Recorded information –
····················
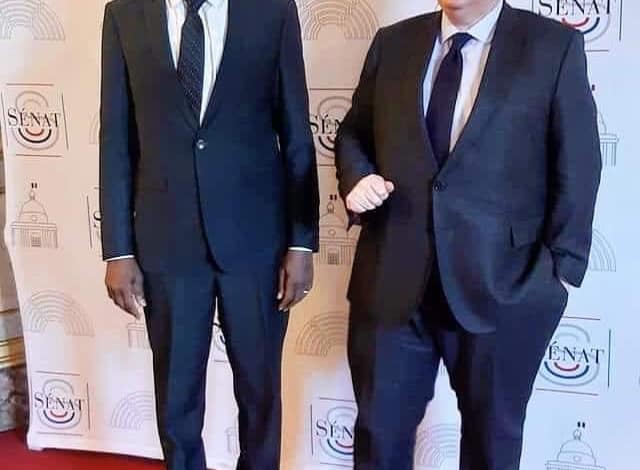 BAH OURY a été reçu ce lundi 06 Janvier 2020 au Palais de Luxembourg (Siège du Sénat Français) 5 AF6E7CE9 8E73 4CB6 B9DE A3B99B1C3FA5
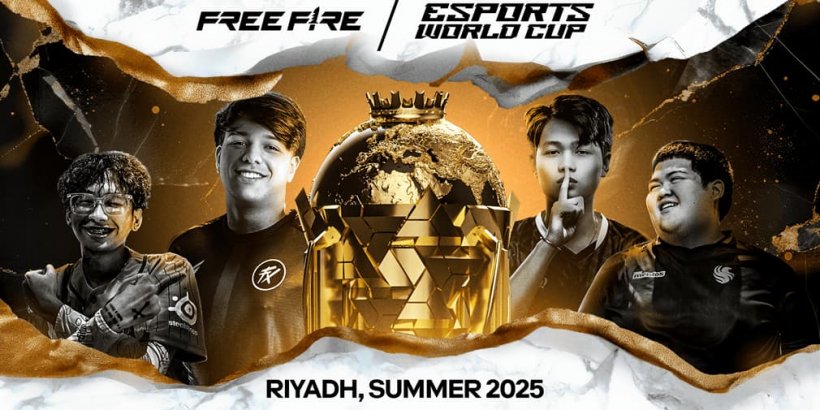 Free Fire se une a la Copa Mundial de Esports 2025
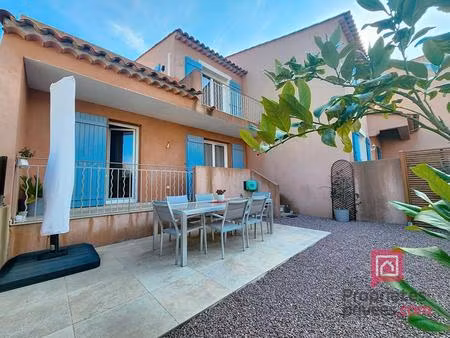 maison roquebrune sur argens- 6 pièces- jardin-garage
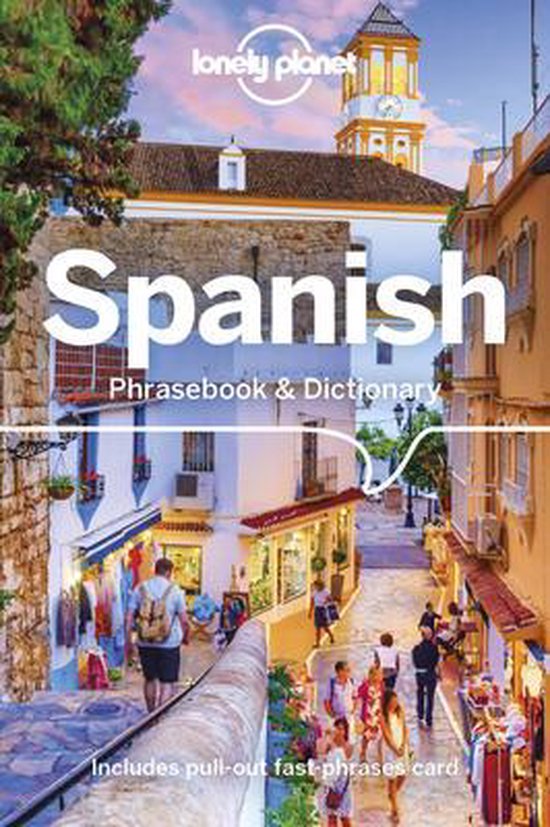 Lonely Planet Spanish Phrasebook & Dictionary - cover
····················
Exercise objective – Take the line with "Free Fire se" and each line after it through the end of the material above, and reproduce them exactly, both ends included, without pictures.

Written answer –
 Free Fire se une a la Copa Mundial de Esports 2025
 maison roquebrune sur argens- 6 pièces- jardin-garage
 Lonely Planet Spanish Phrasebook & Dictionary - cover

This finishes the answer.